### The problem
Restate the following data in its entirety, word for word and without images.

### Dataset section
----

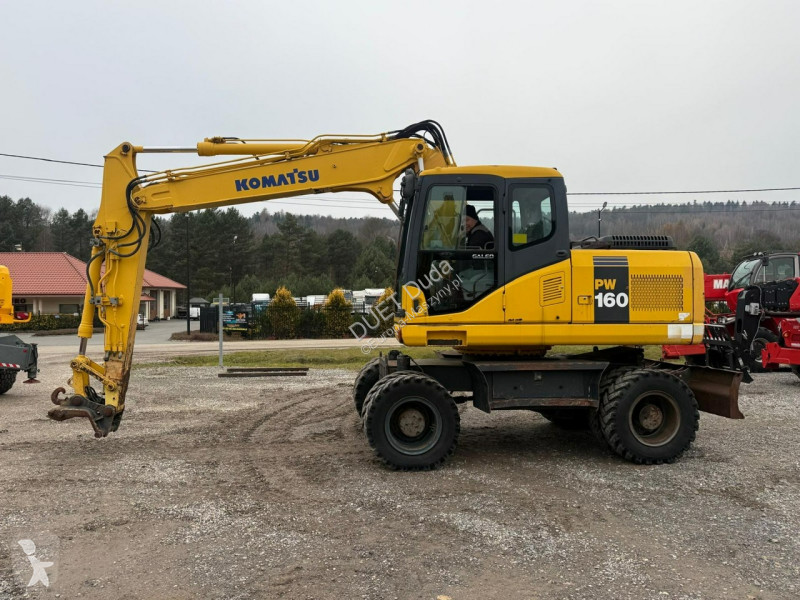 Excavator Komatsu PW160-7H Szybko Złącze...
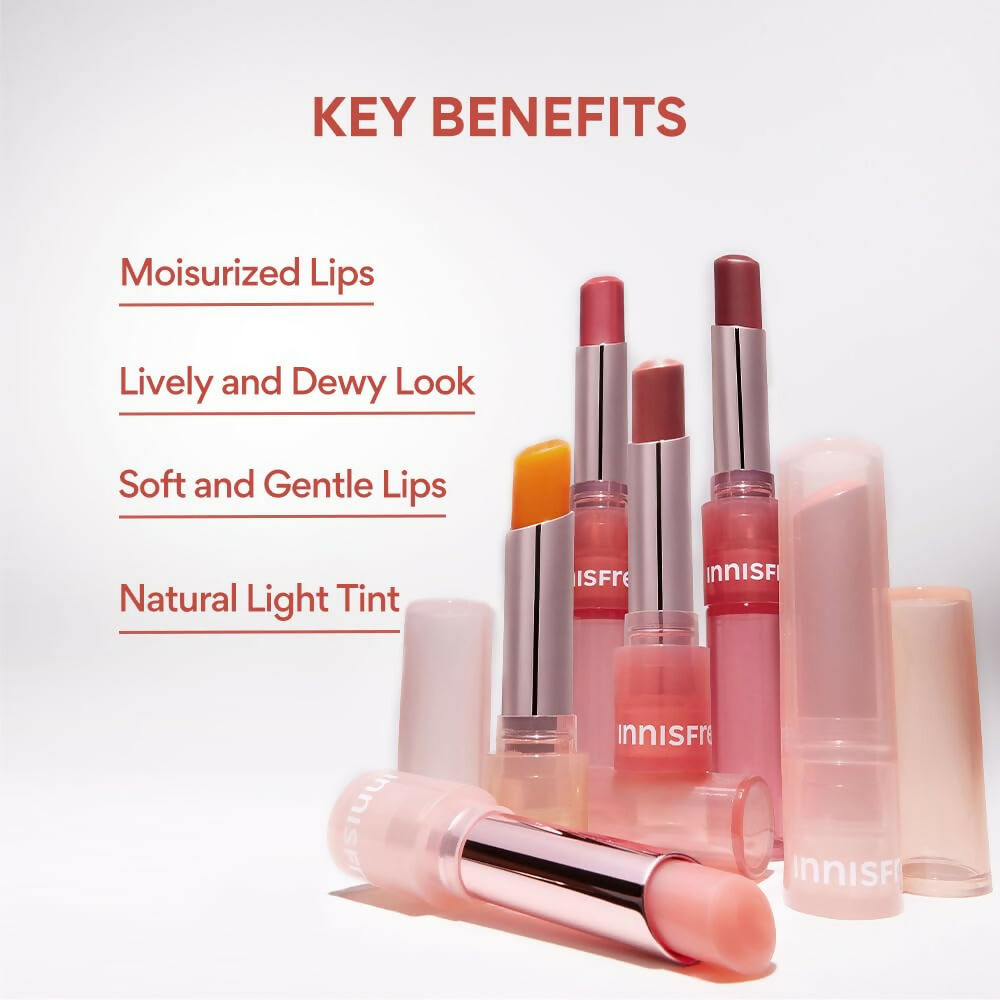 Innisfree Dewy Tint Lip Balm - Love Beige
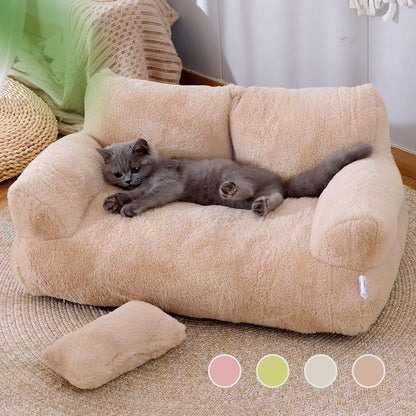 Luxury Winter Cat Nest: Cozy, Plush, Perfect for Small Pets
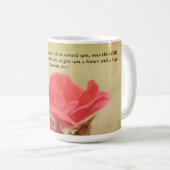 Faith Joli Rose et la Bible Verse Mug (Devant droit)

----

### Exercise result
 Excavator Komatsu PW160-7H Szybko Złącze...
 Innisfree Dewy Tint Lip Balm - Love Beige
 Luxury Winter Cat Nest: Cozy, Plush, Perfect for Small Pets
 Faith Joli Rose et la Bible Verse Mug (Devant droit)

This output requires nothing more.